I don't know if it actually started to happen in the same time frame, but the "strangest" thing in our network config is that the vmbr0 is marked as VLAN-aware.

Is there any solution yet? Given that the general consensus seem to be that 4.18 should have mostly fixed this, is there any PVE 4.18 kernel available? I looked in the testing repo but it was nowhere to be found. Would installing an Ubuntu "mainline kernel" be problematic? Or are there any older kernels in the repo which don't exhibit the problem?

denos · Feb 14, 2019

Matteo Italia said:
Is there any solution yet? Given that the general consensus seem to be that 4.18 should have mostly fixed this, is there any PVE 4.18 kernel available? I looked in the testing repo but it was nowhere to be found. Would installing an Ubuntu "mainline kernel" be problematic? Or are there any older kernels in the repo which don't exhibit the problem?

As far as I know, this issue is only resolved by 4.18+. You may be able to use a kernel from Ubuntu or Debian Backports, but I didn't have any luck due to missing ZFS support and/or hardware modules in those kernels. I'm currently building my own kernels to track 4.19 + ZFS + hardware I need. Any kernel 4.18+ that I tried breaks AppArmor. To fix AppArmor I compiled and installed libapparmor and apparmor_parser from source for version 2.13.2.

The good news is that I haven't had a single problem on the 4.18+ kernels -- mirroring the findings of that Ubuntu kernel bug report above. Unfortunately, this isn't a practical process for many Proxmox users. It would be ideal if Proxmox would package these changes but 4.18+ kernels aren't core for Debian Stretch (more work to maintain) and this is a rare race condition so I don't think enough of their user base is complaining. We were seeing it on about 10% of our infrastructure over the course of 3 months.

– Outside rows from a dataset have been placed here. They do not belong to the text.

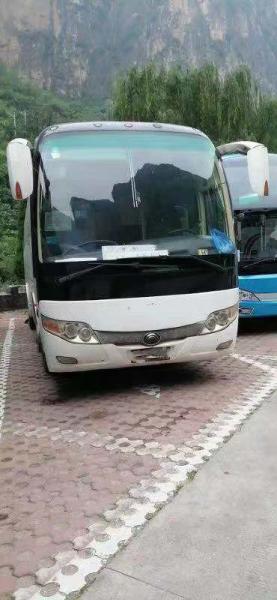 China Zk6107 Model Used Yutong Buses 55 Seats 2011 Year Bus With Big Luggage supplier
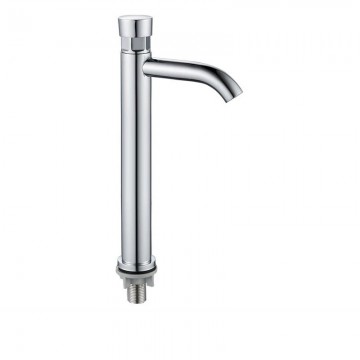 Sensomatica drukstopkraan chroom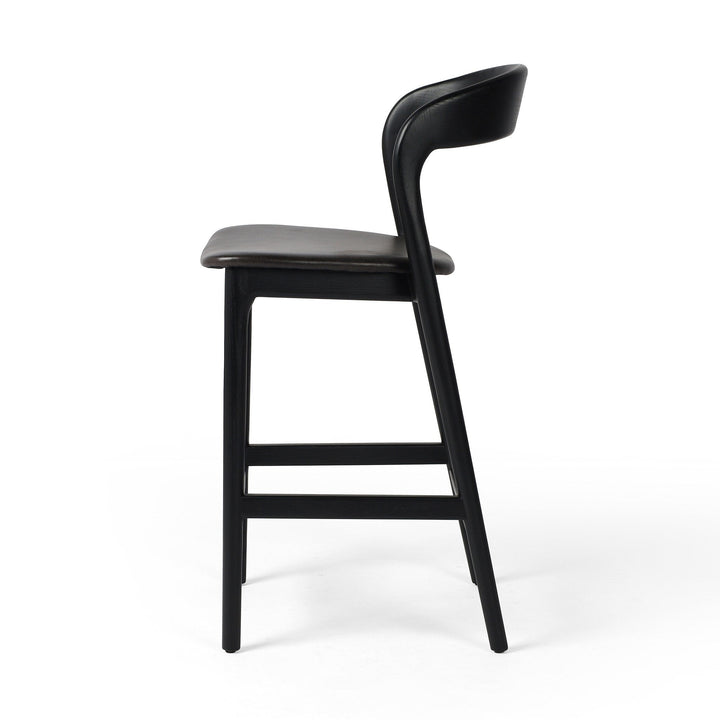 Amare Counter Stool - Sonoma Black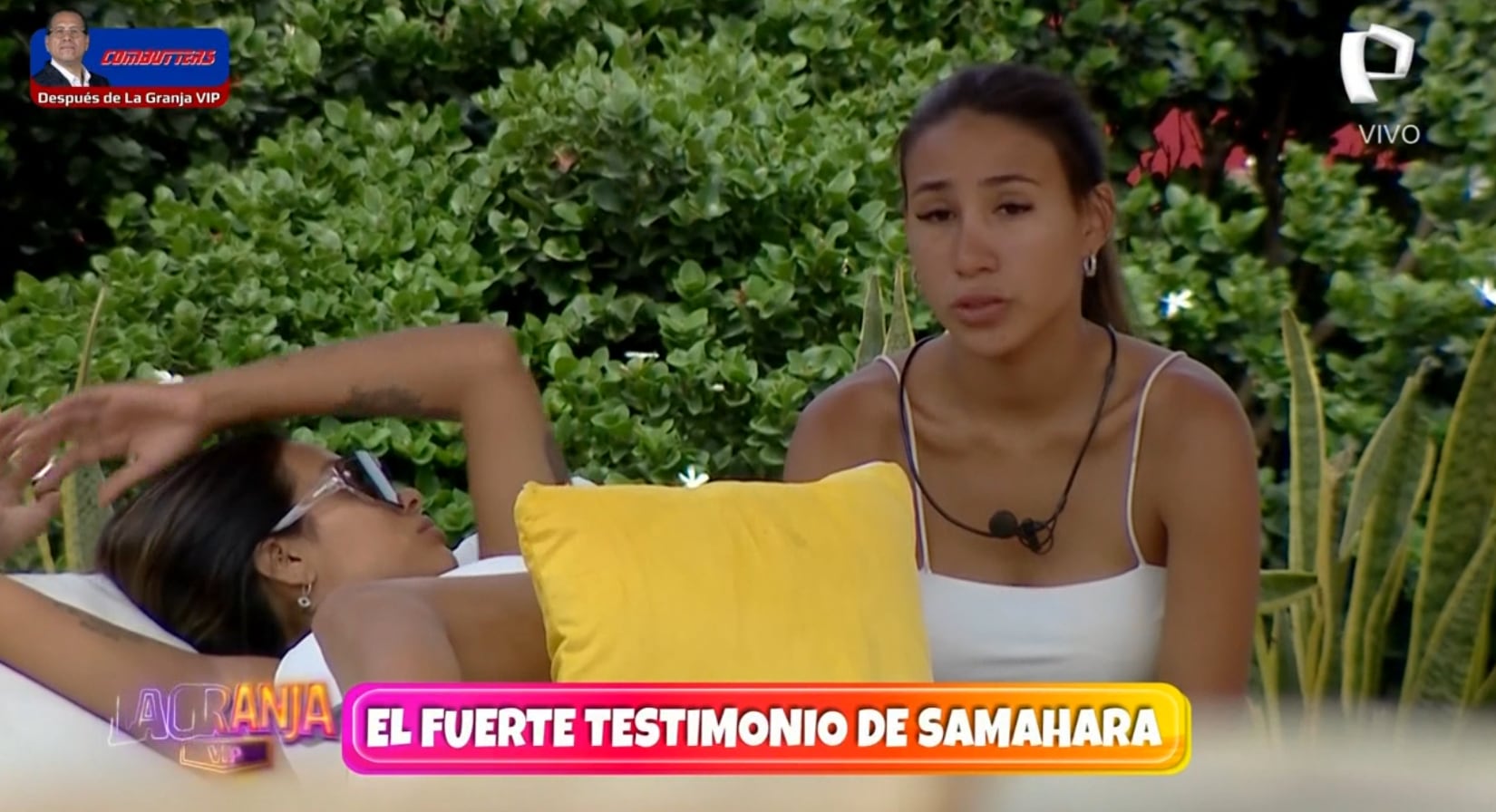 Samahara Lobatón revela por primera vez detalles de la salvaje agresión a manos de Bryan Torres.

Matteo Italia · Feb 18, 2019

Thank you for the reply... missing ZFS isn't a big issue, and I think that our node has "normal enough" hardware to be supported by a stock kernel. My main fear is indeed about AppArmor, but wouldn't it be enough to "steal" libapparmor and apparmor_parser from latest LTS Ubuntu?

denos · Feb 18, 2019

Matteo Italia said:
Thank you for the reply... missing ZFS isn't a big issue, and I think that our node has "normal enough" hardware to be supported by a stock kernel. My main fear is indeed about AppArmor, but wouldn't it be enough to "steal" libapparmor and apparmor_parser from latest LTS Ubuntu?

If AppArmor doesn't work you can boot back into an your current kernel and it will be fine. I suspect you won't be able to take libapparmor and apparmor (the package that contains apparmor_parser) from Ubuntu's repos without breaking a bunch of dependencies.

If you decide to try the Ubuntu kernel, please report back here on your findings.

Matteo Italia · Feb 27, 2019

Didn't try it yet, although today I updated the packages and I saw a new kernel (4.15.18-11-pve AKA 4.15.18-33), is there anywhere where I could see a changelog?

fabian · Feb 28, 2019

Matteo Italia said:
Didn't try it yet, although today I updated the packages and I saw a new kernel (4.15.18-11-pve AKA 4.15.18-33), is there anywhere where I could see a changelog?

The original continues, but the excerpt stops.